Do these sound familiar?
“I can’t quit my job bc IDK if this will work out.” “I can’t launch this idea bc I don’t have what I need.” “I can’t show up online bc I don’t have a valuable-enough POV.” “I’m too afraid to start bc I’m afraid I’ll be seen as a fraud.”
I know these feelings all too well — despite having started early in my adult life and all of these are real, truthful situations.

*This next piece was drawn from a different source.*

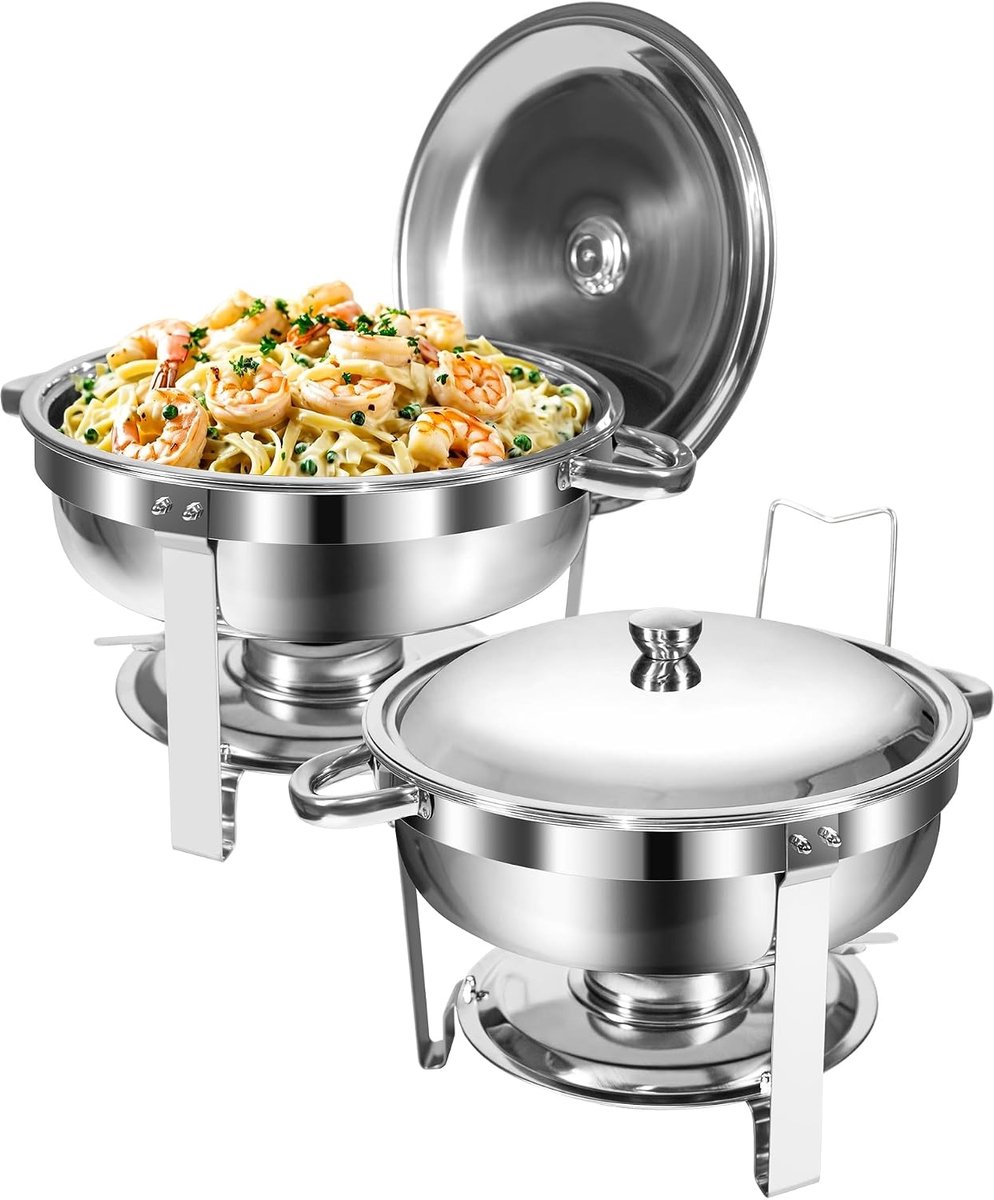 Dish Buffet Set 5L, 2 Pack Food-Grade RVS Ronde Chafing Gerechten [Rolled Edge Design], Voedsel Warmer Buffet met Deksel Houder voor Catering en Elk Feestje, Zilver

The reality that risk + fear can be coupled as a result on behalf of your ideas is a shit ton of fuckery.
Let’s reframe:
QUITTING YOUR JOB
“6 months from now, I can quit my job because I’ll be prepared. I’ll have created a countdown clock-out timeline that will support my dream of doing _____________ and ensure that I’ve thought through — financial support, a runway to launch it, tag team my resource pool to support me in making this happen and I’ll have backup plans B,C,D to keep momentum.”
LACK OF RESOURCES
“In order to launch my idea, I decided to make it more obtainable by dialing it back. Making the idea more obtainable means that all I need is about __ hours of work to bring it to life, a pal to help me + to tap into the community I think cares about what I’m offering. In the meantime, I’ll be learning and growing and pivoting as I launch.”
CAN’T SHOW UP ONLINE
”I found that being myself online has created my own version of a POV — it’s mine and people are drawn to it. I’ve been sharing more stories, relatable antedotes and creating more dialogue around the things I know. I realized I didn’t need to be perfect to show up but rather continuing to show up and voice my evolving POV has allowed me to become an authority.”
TO BE SEEN
“I’ve decided to release what others might say about me. It can happen, but the reality is, I don’t want to hold back who I am in order to save face and keep people off my back. I’m smart, I’m always learning + growing and the things I know, I know them well. To be seen matters to who I can impact and that matters more than projected judgements.”
Remember:
Risk is not a negative. Not doing can have the same effect as “failing.” Not everything is possible but so much is. Try, test, learn. Be seen. Be valued. Be heard. Be confident.